À l’heure actuelle, les solutions pour réduire son impact sur notre santé restent insuffisantes. En effet, les filtres traditionnels à base de charbons actifs ont des limites notables : leur efficacité décroît avec le temps et les conditions environnementales, notamment lorsque la température ambiante et l’humidité varient. Ces filtres peuvent même devenir des sources de formaldéhyde en fin de vie. Ils sont donc très limités en termes d’innocuité.
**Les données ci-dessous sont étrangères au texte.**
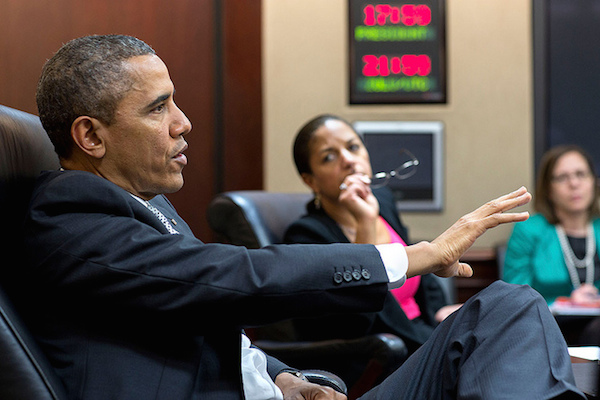 Photo: President Barack Obama and National Security Advisor Susan Rice. Credit: Official White House Photo by Pete Souza.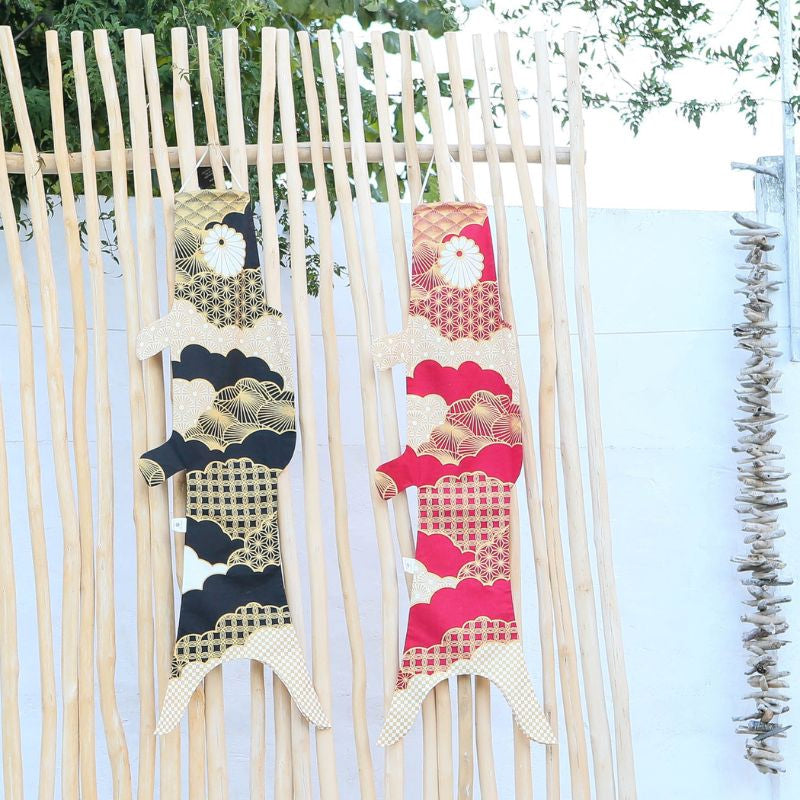 Koinobori Patchwork Rød - 100 cm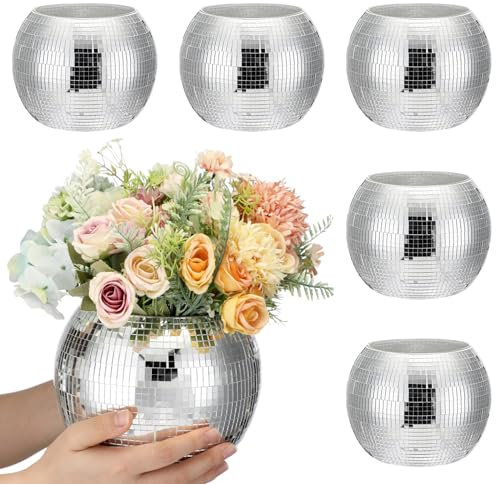 6 Pcs Disco Ball Planter Disco Ball Vase Centerpieces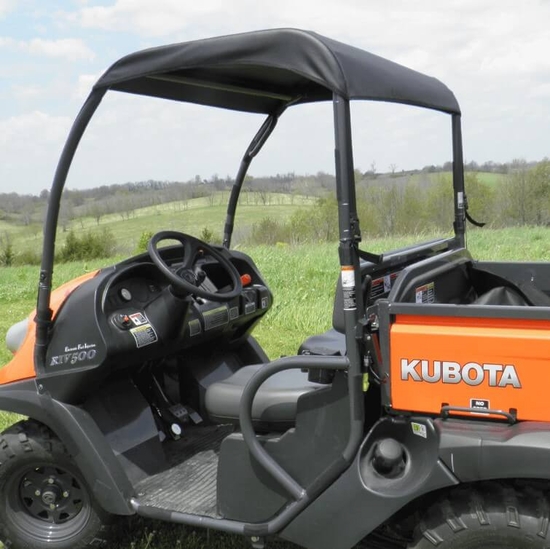 3 Star Black Soft Top - Kubota RTV 400, 500, 520 - alt image 2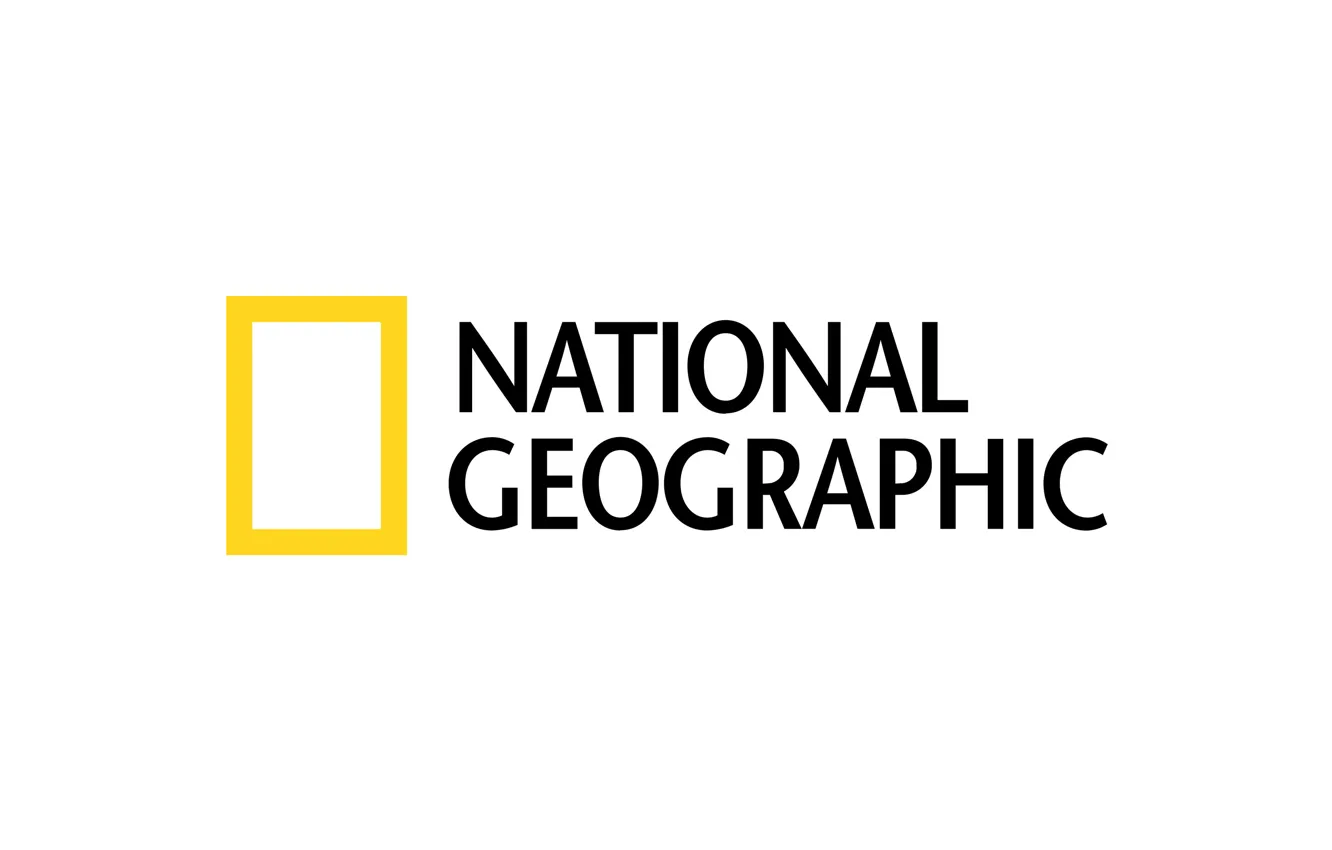 Photo wallpaper logo, national geographic, nat geo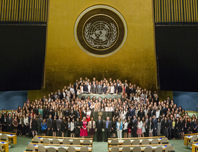 UN Interns Group Photo with SG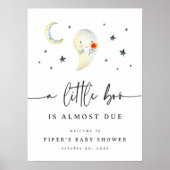 かわいい幽霊ハロウィーンベビーシャワー歓迎サイン ポスター (正面)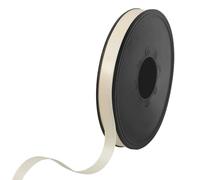 100% Polyester Double Sided Satin Ribbon for Weddings, Gift Wrapping, Floral Arrangements, Crafts, Cakes, Bows, Decorations, 9mm x 25m, Cream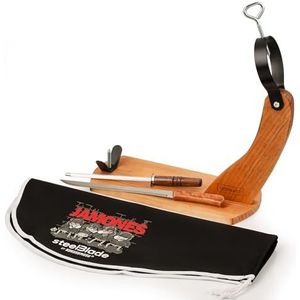 steelBlade - Jamonero Gondole + Kukuxumusu ham cover + hammes en chaira - hamhouder gemaakt in Spanje
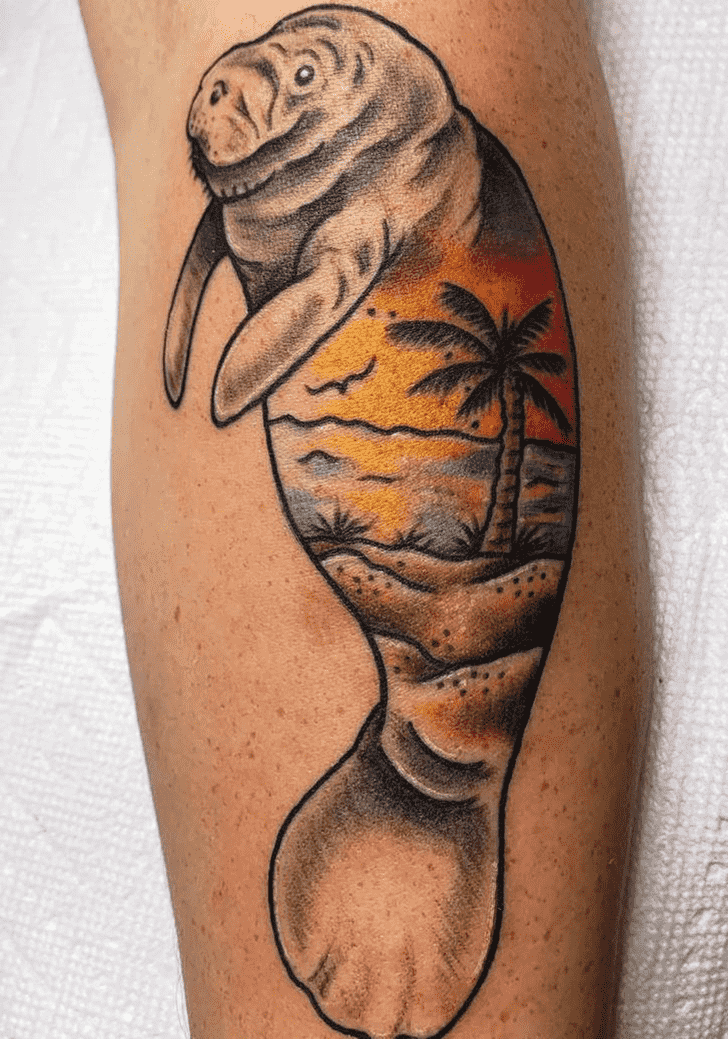 Manatee Tattoo Figure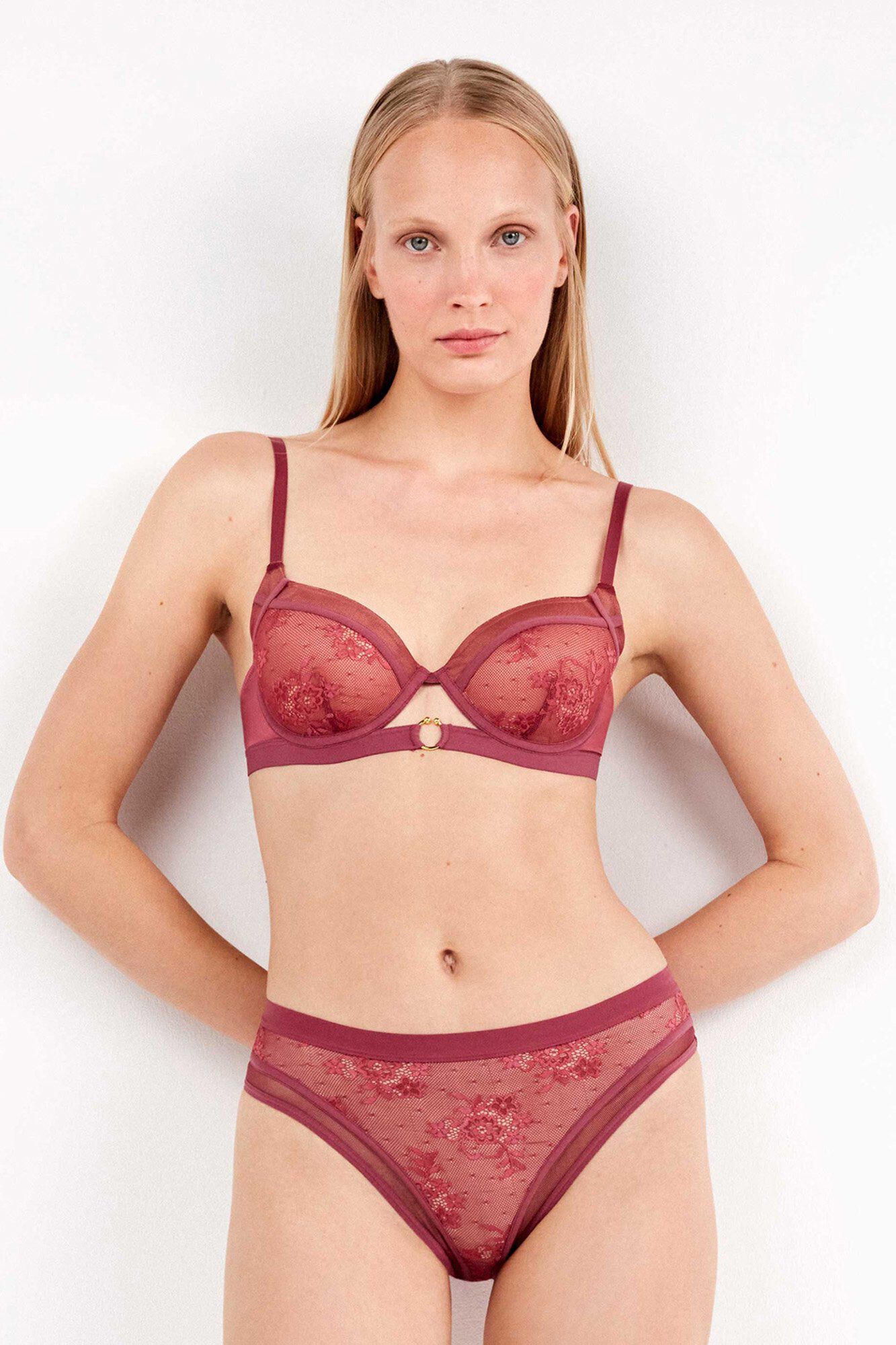 Womensecret Conjunto de sujetador y braga 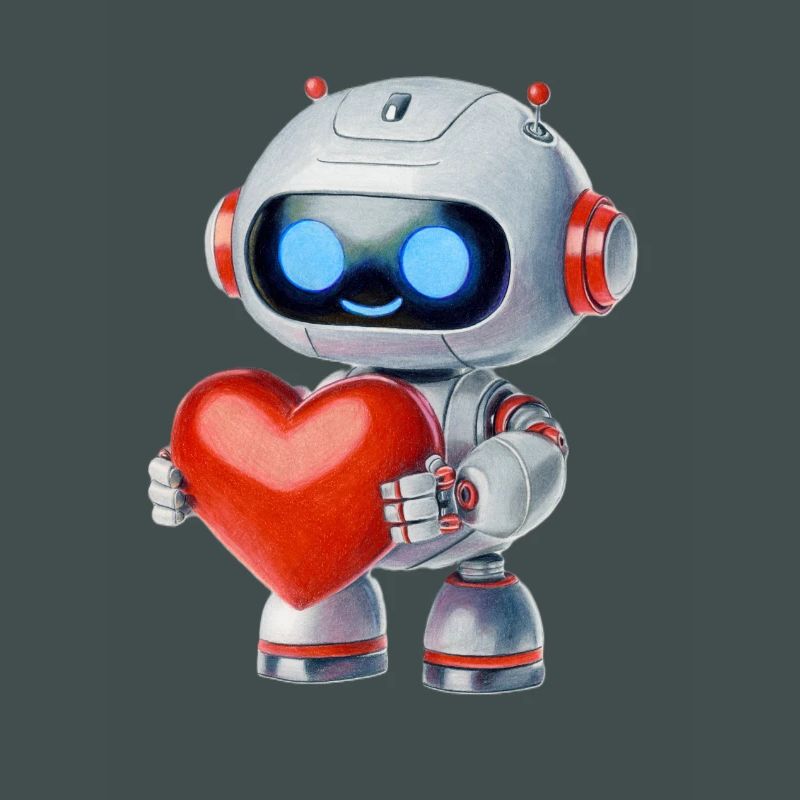 Roboter mit Herz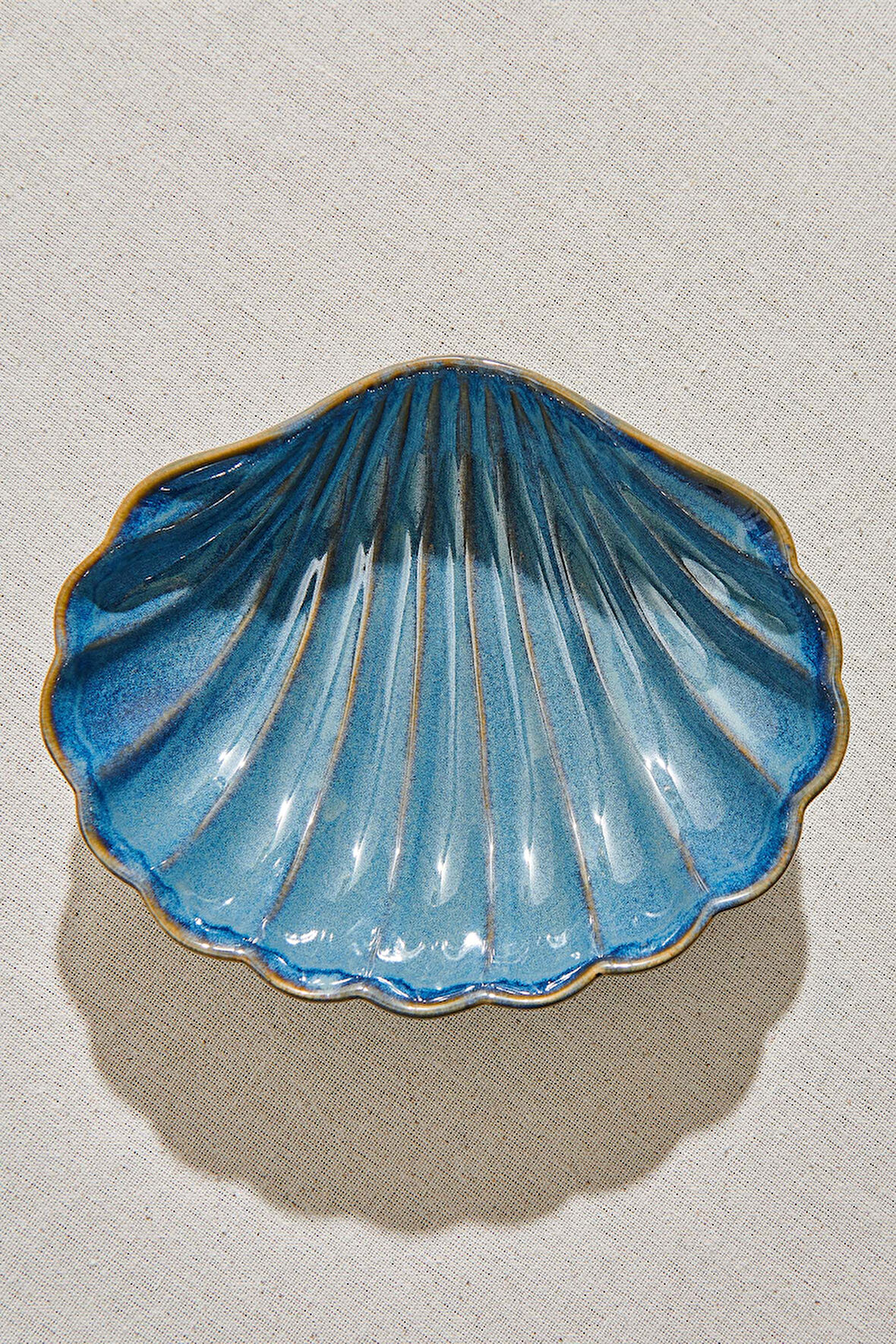 İstridye Seramik Kase Mavi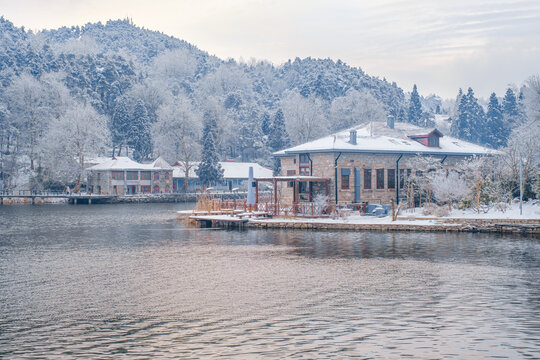 江西庐山风景区雪景风光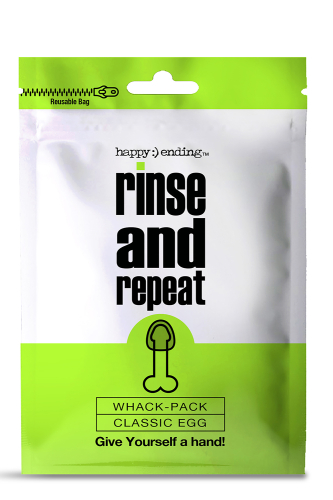 Мастурбатор яйце білого кольору Happy ending Rinse and repeat whack pack egg - 2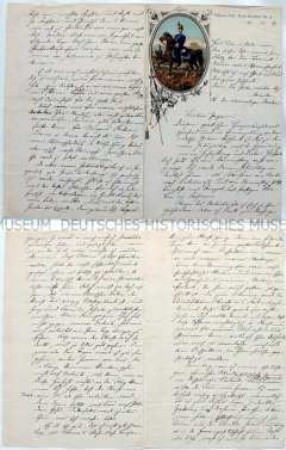 Geburtstagsbrief von Leopold Hauschild an seinen Vater, Karl Ludwig Hauschild; 10. Dezember 1889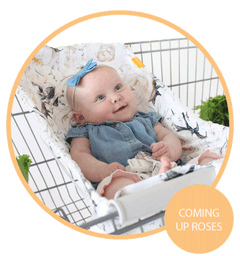 Baby Shopping Cart Hammock | Coming Up Roses Beautiful Floral Print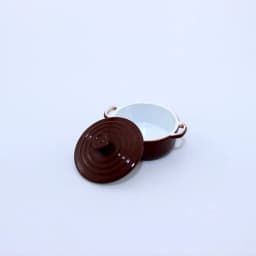 Miniature Colorful Soup Pot 1:12 Dollhouse Mini Stockpot Hot Pot Kitchen Ware Simulation Metal Cookware Model Doll Accessories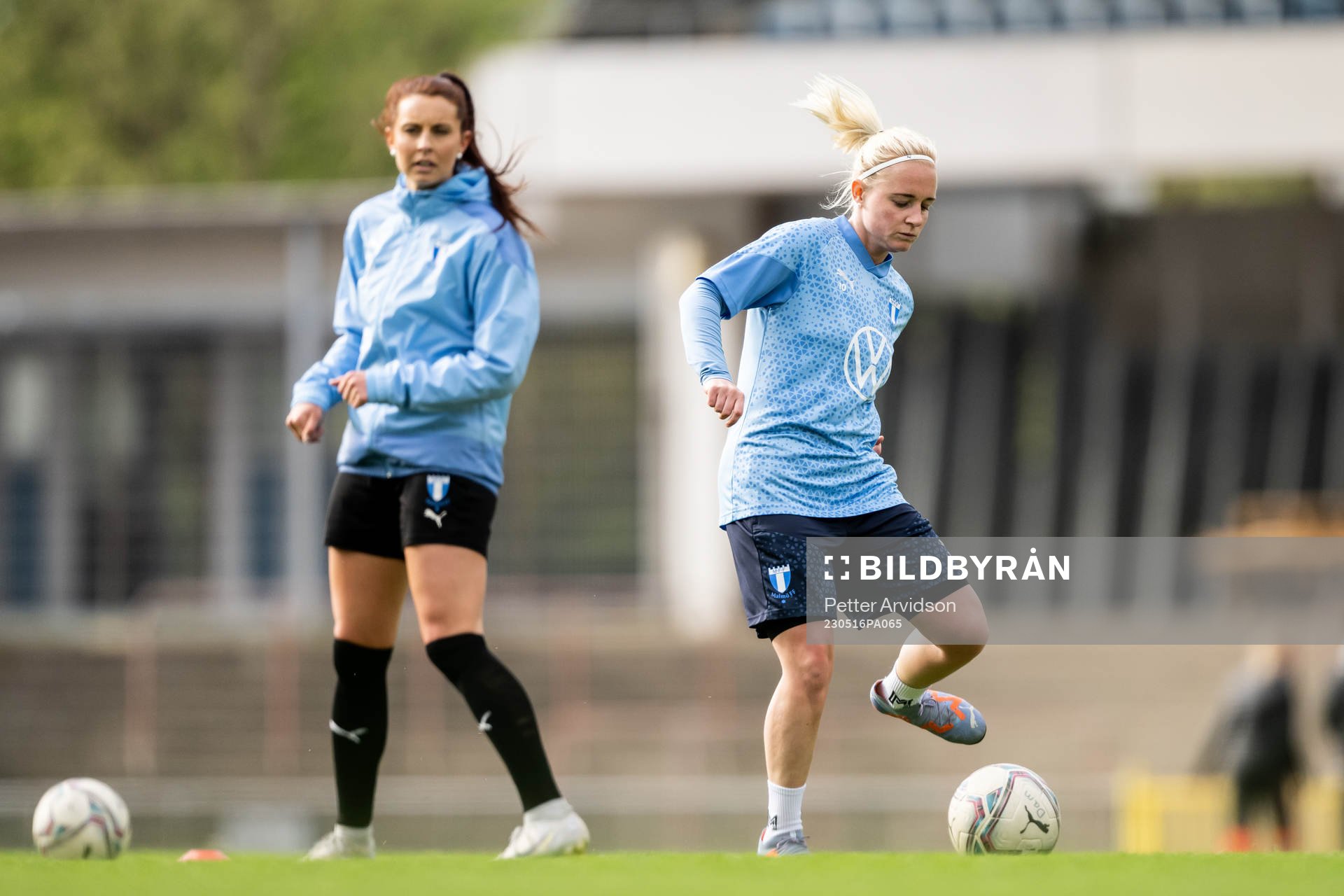 Malin Gunnarsson och Melina Skarström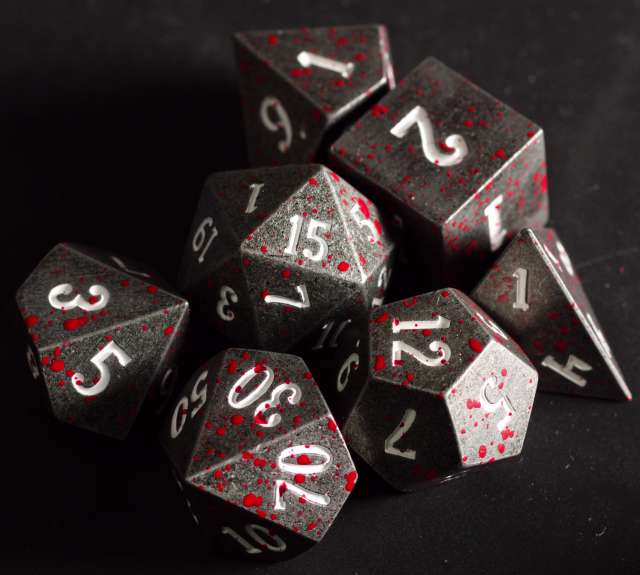 The Bloody Metal Dice Set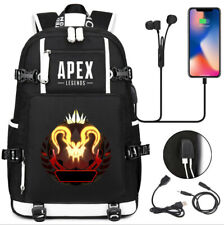 Usado, Apex legends depredadores titanfall lona mochila escolar carga USB bolsa portátil segunda mano  Embacar hacia Argentina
D’autres solutions pourraient être envisagées, comme l’utilisation de filtres à base de zéolithes. Cependant, ces matériaux poreux sont sensibles à la présence d’eau et sont pénalisés par des demandes en énergie considérables lors de leur régénération. La minéralisation du formaldéhyde (et d’autres polluants) à température ambiante nécessite, quant à elle, des catalyseurs à base de métaux nobles, donc très coûteux.
Bien évidemment, il serait plus judicieux de diminuer à la source ce type de polluants, mais ils sont présents de façon diffuse dans la plupart des matériaux de construction, ainsi que dans l’ameublement et les vêtements, car le formaldéhyde est un conservateur très utilisé pour éviter la formation de mousses et champignons, notamment lorsque les biens de consommation sont acheminés par bateau depuis leurs centres de production. Dans l’attente de changer notre modèle économique, il faudrait donc trouver une solution à cette pollution.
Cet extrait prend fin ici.